Jupyter AI Agents <---> JupyterLab
|
| RTC (Real Time Collaboration)
|
Jupyter Clients
Jupyter AI Agents empowers AI models to interact with and modify Jupyter Notebooks. The agent is equipped with tools such as adding code cells, inserting markdown cells, executing code, enabling it to modify the notebook comprehensively based on user instructions or by reacting to the Jupyter notebook events.
This agent is innovative as it is designed to operate on the entire notebook, not just at the cell level, enabling more comprehensive and seamless modifications. The agent can also run separetely from the Jupyter server as the communication is achieved through RTC () via the Jupyter NbModel Client and the Jupyter Kernel Client.

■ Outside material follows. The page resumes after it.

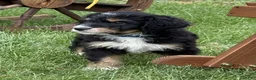 Bernedoodle dogs for sale: Chip - Ad 1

The LangChain Agent Framework is used to manage the interactions between the AI model and the tools.
This library is documented on https://jupyter-ai-agents.datalayer.tech.

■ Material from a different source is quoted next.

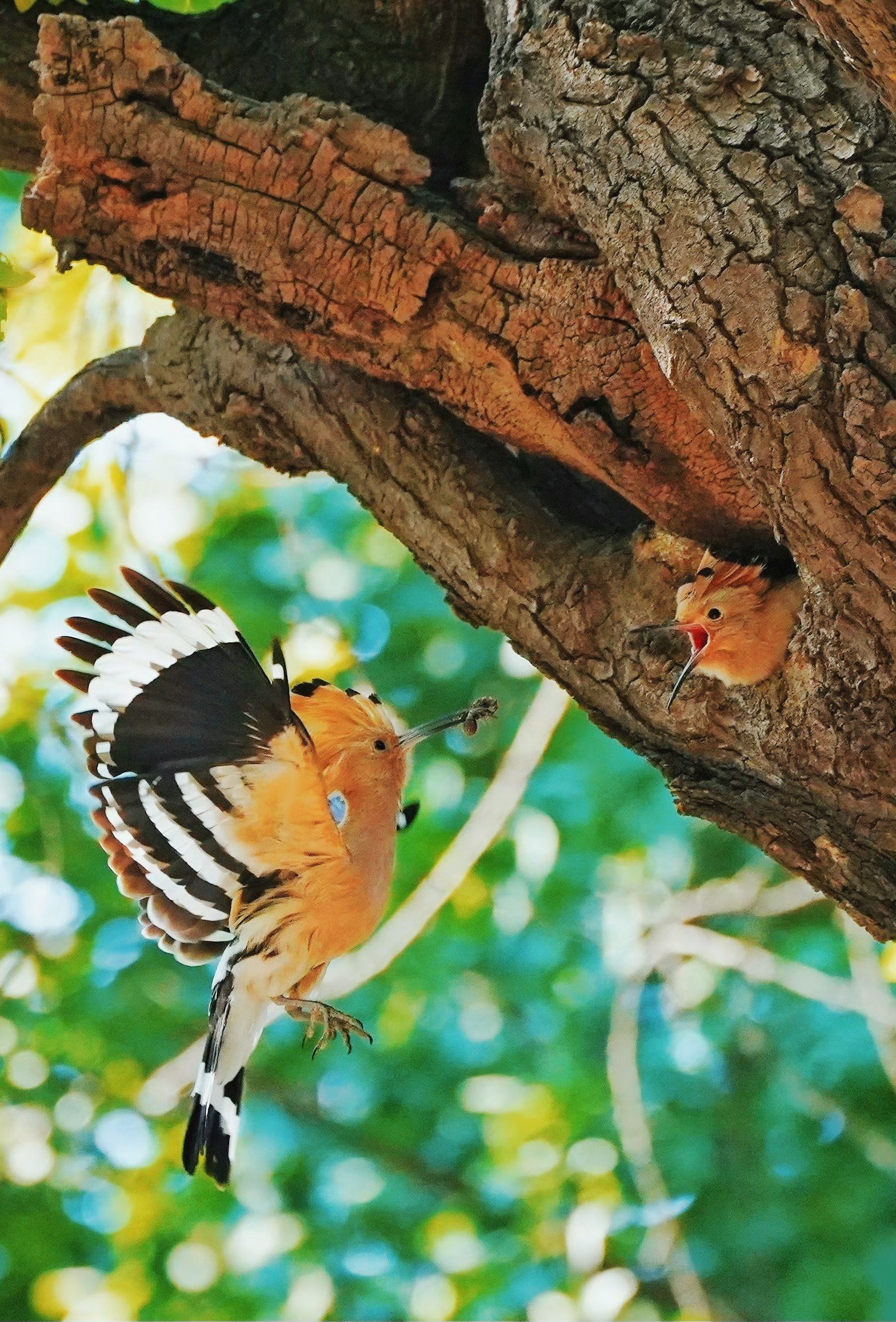 世上只有妈妈好|戴胜鸟哺雏92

To install Jupyter AI Agents, run the following command.
pip install jupyter_ai_agents
Or clone this repository and install it from source.
git clone https://github.com/datalayer/jupyter-ai-agents
cd jupyter-ai-agents
pip install -e .
The Jupyter AI Agents can directly interact with JupyterLab. The modifications made by the Jupyter AI Agents can be seen in real-time thanks to Jupyter Real Time Collaboration. Make sure you have JupyterLab installed with the Collaboration extension.
pip install jupyterlab jupyter-collaboration ipykernel
We ask you to take additional actions to overcome limitations and bugs of the pycrdt library. Ensure you create a new shell after running the following commands.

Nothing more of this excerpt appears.